For this maneuver, a square or rectangular field, or an area bounded on four sides by section lines or roads (the sides of which are approximately a mile in length), should be selected well away from other air traffic. The airplane should be flown parallel to and at a uniform distance about one-fourth to one-half mile away from the field boundaries, not above the boundaries. For best results, the flightpath should be positioned outside the field boundaries just far enough that they may be easily observed from either pilot seat by looking out the side of the airplane. If an attempt is made to fly directly above the edges of the field, the pilot will have no usable reference points to start and complete the turns. The closer the track of the airplane is to the field boundaries, the steeper the bank necessary at the turning points. Also, the pilot should be able to see the edges of the selected field while seated in a normal position and looking out the side of the airplane during either a left-hand or right-hand course.

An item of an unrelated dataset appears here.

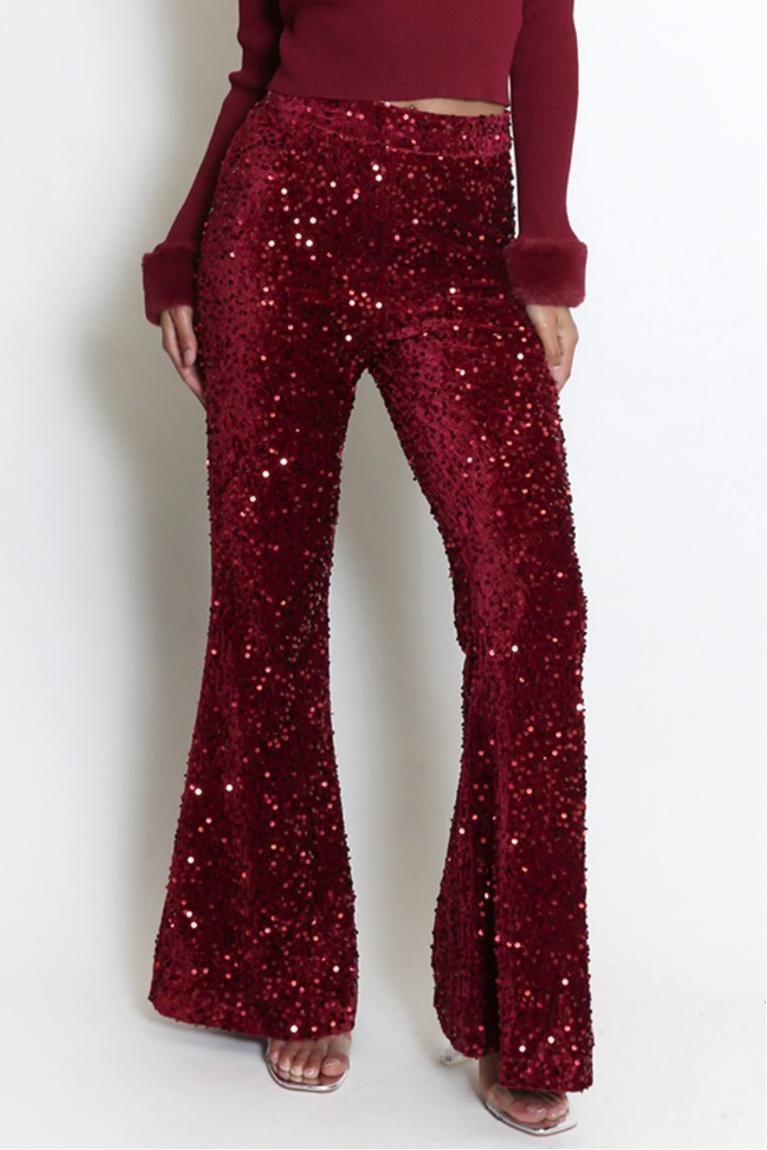 CELESTE SEQUIN TROUSERS Product Image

The distance of the ground track from the edges of the field should be the same regardless of whether the course is flown to the left or right. All turns should be started when the airplane is abeam the corner of the field boundaries, and the bank normally should not exceed 45°. These should be the determining factors in establishing the distance from the boundaries for performing the maneuver.

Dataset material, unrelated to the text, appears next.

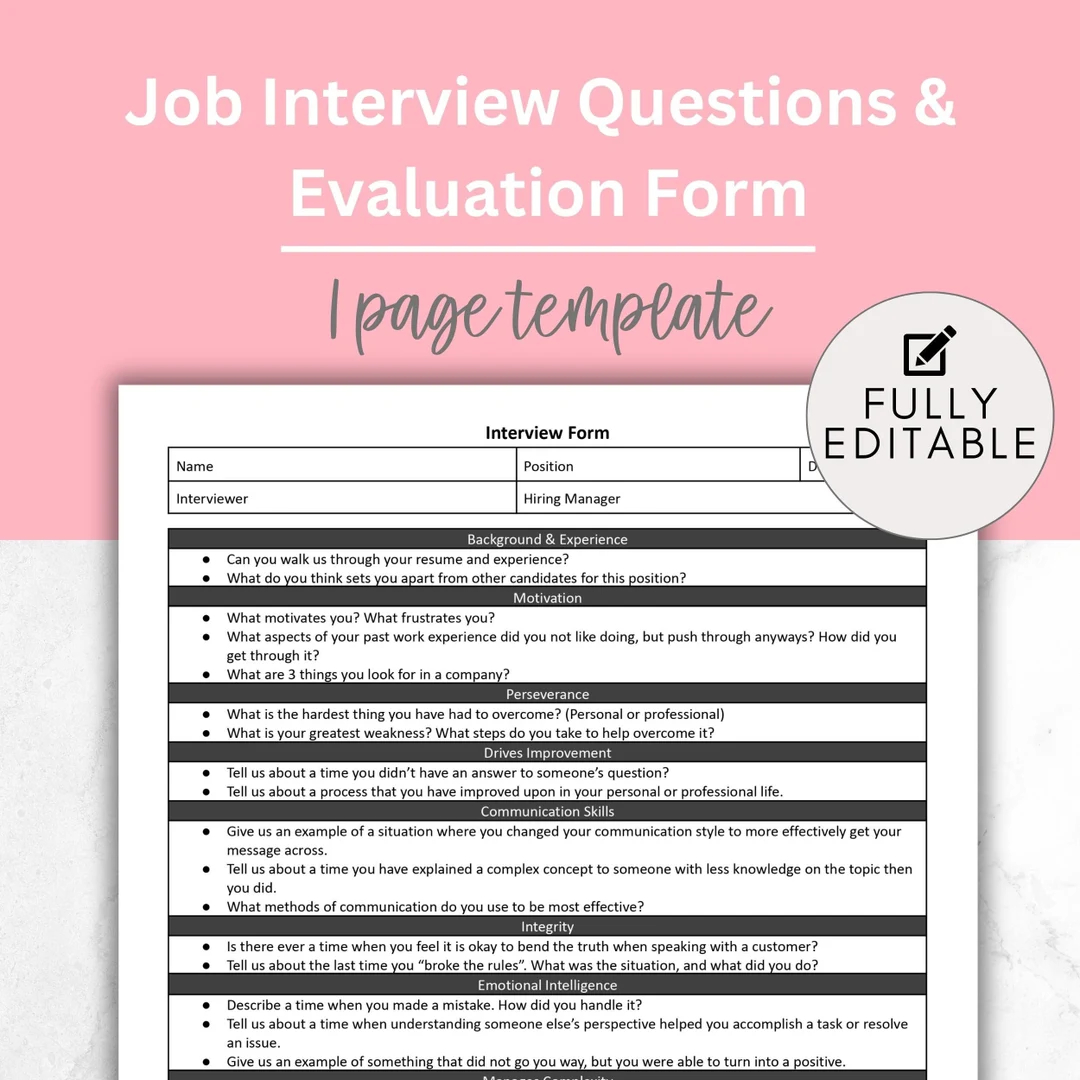 job interview questions template interview prep interview guide employee interview questions interview hiring job interview template hr form etsy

Although the rectangular course may be entered from any direction, this discussion assumes entry on a downwind.
On the downwind leg, the wind is a tailwind and results in an increased groundspeed. Consequently, the turn onto the next leg is entered with a fairly fast rate of roll-in with relatively steep bank. As the turn progresses, the bank angle is reduced gradually because the tailwind component is diminishing, resulting in a decreasing groundspeed.

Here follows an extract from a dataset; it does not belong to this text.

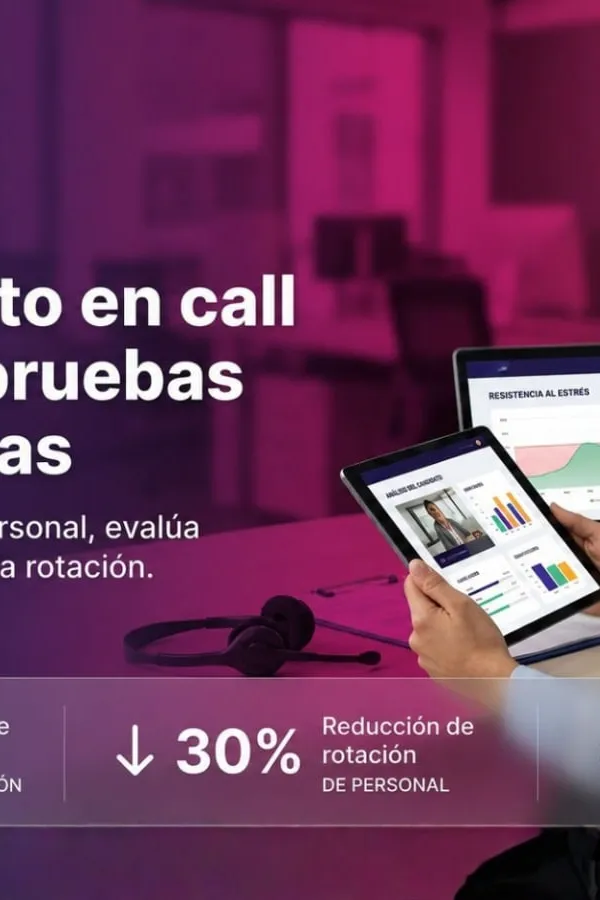 Profesional de RRHH usando plataforma Evaluar para reclutamiento en call center con pruebas psicométricas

During and after the turn onto this leg (the equivalent of the base leg in a traffic pattern), the wind will tend to drift the airplane away from the field boundary. To compensate for the drift, the amount of turn will be more than 90°.
The rollout from this turn must be such that as the wings become level, the airplane is turned slightly toward the field and into the wind to correct for drift. The airplane should again be the same distance from the field boundary and at the same altitude, as on other legs. The base leg should be continued until the upwind leg boundary is being approached. Once more the pilot should anticipate drift and turning radius. Since drift correction was held on the base leg, it is necessary to turn less than 90° to align the airplane parallel to the upwind leg boundary. This turn should be started with a medium bank angle with a gradual reduction to a shallow bank as the turn progresses. The rollout should be timed to assure paralleling the boundary of the field as the wings become level.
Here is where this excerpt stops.